Salesforce.com’s rock concert style Dreamforce 2011 conference has attracted industry heavy-weights, such as Google chairman Eric Schmidt who openly lauded Apple chairman Steve Jobs’s industry-defining achievements. In a chat with Salesforce CEO Marc Benioff on stage at San Francisco’s Moscone West center, Apple’s preferred venue for product launches, Schmidt said this of Apple’s former chief executive:

What Steve has done at Apple is certainly the best performance of a CEO for over fifty years, maybe a hundred years. But not only did he do it once, he did it twice. We’ve all benefited from the tremendous innovation at Apple. And I say this as a very proud former board member at Apple.

Of course, the comment earned Schmidt an instant applaud from the audience. He then addressed the question of his stay on Apple’s board at a time when Apple had already been deeply involved with the development of the original iPhone. He said, according to the San Francisco Chronicle:

I was on the board until I couldn’t stand the board anymore.

He wouldn’t elaborate, but it’s worth remembering that Schmidt resigned from Apple’s board of directors on August 3, 2009, years after Apple had finished the original iPhone development and well into the third-generation of the iconic handset. Steve Jobs was quoted in Apple’s official statement explaining Schmidt’s exit:

Unfortunately, as Google enters more of Apple’s core businesses, with Android and now Chrome OS, Eric’s effectiveness as an Apple Board member will be significantly diminished, since he will have to recuse himself from even larger portions of our meetings due to potential conflicts of interest.

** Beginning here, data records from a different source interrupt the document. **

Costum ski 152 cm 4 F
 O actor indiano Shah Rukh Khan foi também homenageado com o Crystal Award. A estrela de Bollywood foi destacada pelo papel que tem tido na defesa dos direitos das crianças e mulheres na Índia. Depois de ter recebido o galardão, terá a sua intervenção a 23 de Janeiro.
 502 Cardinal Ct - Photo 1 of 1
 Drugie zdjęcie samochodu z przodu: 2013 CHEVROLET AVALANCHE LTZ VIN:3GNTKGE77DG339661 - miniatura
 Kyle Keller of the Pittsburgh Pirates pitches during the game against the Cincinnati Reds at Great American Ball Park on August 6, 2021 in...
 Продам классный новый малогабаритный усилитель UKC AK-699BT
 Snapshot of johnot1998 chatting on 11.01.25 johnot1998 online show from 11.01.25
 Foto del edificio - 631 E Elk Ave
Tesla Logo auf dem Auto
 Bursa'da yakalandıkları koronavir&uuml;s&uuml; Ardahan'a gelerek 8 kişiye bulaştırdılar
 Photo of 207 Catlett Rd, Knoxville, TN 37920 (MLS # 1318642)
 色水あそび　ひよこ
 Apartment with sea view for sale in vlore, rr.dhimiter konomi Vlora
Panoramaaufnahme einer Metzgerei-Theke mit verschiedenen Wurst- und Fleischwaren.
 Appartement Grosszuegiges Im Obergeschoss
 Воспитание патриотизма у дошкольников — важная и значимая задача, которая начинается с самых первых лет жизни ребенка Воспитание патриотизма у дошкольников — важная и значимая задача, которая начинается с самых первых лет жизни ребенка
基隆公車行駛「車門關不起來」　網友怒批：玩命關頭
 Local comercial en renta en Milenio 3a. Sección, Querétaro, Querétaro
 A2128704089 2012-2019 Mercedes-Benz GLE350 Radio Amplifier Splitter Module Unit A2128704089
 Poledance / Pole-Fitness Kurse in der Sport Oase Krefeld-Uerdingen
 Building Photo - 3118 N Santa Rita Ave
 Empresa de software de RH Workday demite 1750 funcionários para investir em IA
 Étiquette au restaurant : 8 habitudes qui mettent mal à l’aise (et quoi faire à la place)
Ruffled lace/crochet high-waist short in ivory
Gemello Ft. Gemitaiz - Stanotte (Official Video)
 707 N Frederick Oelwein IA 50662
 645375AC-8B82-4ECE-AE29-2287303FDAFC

Therefore, we have mutually decided that now is the right time for Eric to resign his position on Apple’s Board.

Of course, Jobs wouldn’t shy away from touching on the subject in later public appearances. For example, he made it clear it was Google who decided to compete with Apple, not the other way round. He told the Walt Street Journal columnist Walt Mossberg at D8 conference last year that “we didn’t enter the search business”.